Architecture katas are a way for us to practice our design skills. I often use them with mentees who express an interest in software design. The idea is that we are given a problem statement, and we need to propose a system design to suit. This is also great practice for a system design interview, though I've had mixed results with those in the past, and tend not to use them myself.
Your Architectural Kata is...
Tales Of A Fourth Grade
An elementary school system comprehensive student management system
Requirements
- track absences, tardies and excuses (entered by parents, faculty or staff)

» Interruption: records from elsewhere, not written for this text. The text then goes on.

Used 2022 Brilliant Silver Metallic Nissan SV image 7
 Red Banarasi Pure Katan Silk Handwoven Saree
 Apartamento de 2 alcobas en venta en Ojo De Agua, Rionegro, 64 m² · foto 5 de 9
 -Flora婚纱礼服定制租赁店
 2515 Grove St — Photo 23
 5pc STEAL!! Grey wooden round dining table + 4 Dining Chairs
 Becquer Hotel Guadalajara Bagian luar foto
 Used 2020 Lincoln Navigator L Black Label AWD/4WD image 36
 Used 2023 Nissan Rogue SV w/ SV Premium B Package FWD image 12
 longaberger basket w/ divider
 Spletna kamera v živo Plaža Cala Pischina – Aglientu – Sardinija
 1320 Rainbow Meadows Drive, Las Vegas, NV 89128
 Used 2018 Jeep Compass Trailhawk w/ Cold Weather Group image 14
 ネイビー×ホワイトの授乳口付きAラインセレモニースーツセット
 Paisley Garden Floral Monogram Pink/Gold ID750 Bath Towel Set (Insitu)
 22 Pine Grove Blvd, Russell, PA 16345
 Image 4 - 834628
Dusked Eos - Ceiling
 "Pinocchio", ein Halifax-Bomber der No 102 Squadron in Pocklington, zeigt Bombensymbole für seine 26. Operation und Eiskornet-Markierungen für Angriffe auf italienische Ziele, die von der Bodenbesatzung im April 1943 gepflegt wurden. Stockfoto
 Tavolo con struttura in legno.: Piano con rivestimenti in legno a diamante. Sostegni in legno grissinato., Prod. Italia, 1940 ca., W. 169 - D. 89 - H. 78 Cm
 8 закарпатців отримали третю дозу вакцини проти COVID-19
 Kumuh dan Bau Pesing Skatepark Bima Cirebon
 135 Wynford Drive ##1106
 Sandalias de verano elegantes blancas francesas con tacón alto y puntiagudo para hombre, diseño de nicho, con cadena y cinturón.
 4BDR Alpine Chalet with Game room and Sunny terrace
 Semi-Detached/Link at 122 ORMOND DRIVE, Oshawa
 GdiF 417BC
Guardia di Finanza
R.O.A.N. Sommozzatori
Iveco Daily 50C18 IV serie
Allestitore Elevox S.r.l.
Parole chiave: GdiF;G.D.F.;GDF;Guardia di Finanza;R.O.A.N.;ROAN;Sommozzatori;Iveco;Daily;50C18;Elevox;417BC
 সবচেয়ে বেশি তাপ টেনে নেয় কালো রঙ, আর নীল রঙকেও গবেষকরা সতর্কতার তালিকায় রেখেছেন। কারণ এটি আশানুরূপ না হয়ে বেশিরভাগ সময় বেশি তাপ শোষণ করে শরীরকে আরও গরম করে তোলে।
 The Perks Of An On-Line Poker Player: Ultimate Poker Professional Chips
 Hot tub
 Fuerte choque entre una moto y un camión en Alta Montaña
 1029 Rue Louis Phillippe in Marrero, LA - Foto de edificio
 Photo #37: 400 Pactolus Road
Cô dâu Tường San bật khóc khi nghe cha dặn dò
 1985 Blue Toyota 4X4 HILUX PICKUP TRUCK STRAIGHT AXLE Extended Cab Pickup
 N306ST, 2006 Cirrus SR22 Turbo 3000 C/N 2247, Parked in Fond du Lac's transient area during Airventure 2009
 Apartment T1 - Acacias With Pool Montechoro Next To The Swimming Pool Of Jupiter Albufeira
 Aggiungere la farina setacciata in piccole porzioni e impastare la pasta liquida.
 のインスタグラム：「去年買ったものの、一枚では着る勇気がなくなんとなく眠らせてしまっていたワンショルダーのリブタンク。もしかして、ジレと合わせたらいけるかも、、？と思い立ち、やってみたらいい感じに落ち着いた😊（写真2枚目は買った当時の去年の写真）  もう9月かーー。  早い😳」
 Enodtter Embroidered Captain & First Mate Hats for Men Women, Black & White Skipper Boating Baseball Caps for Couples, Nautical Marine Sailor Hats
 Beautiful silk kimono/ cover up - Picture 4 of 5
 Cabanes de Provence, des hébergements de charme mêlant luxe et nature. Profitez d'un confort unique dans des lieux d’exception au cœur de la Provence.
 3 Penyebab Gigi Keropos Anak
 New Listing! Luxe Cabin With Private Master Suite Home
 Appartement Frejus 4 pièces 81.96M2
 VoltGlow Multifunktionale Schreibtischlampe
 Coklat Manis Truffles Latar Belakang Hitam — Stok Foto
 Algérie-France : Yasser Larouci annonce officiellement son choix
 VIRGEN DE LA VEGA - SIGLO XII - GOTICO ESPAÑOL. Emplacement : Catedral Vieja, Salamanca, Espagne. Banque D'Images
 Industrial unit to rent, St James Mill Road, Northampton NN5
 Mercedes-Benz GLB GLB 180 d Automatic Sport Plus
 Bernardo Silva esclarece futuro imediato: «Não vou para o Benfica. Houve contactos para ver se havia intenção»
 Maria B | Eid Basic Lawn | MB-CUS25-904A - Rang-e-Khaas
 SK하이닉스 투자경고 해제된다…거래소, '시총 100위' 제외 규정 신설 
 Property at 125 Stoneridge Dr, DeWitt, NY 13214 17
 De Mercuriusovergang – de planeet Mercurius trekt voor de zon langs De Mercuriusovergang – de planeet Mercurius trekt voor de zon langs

- generate reports on student activities
- be accessible from the playground
- track student grades and assignments (completed and due)
- parent-teacher forums
- run as an SaaS system from a hosting center
Users
faculty, staff and student parents
How does this work again?
Whenever we're building a system, we need to consider:
- The functional requirements, the things that the customer has asked the software to do.
- The constraints, the things that reduce the possible solution space.
- The architectural qualities, or -ilities, the things that the customer needs the software to be.
Functional Requirements
The requirements are given, at a very very rough level, in the problem description. In the real world, you'd have some customer or expert that you could ask for more input... I hope.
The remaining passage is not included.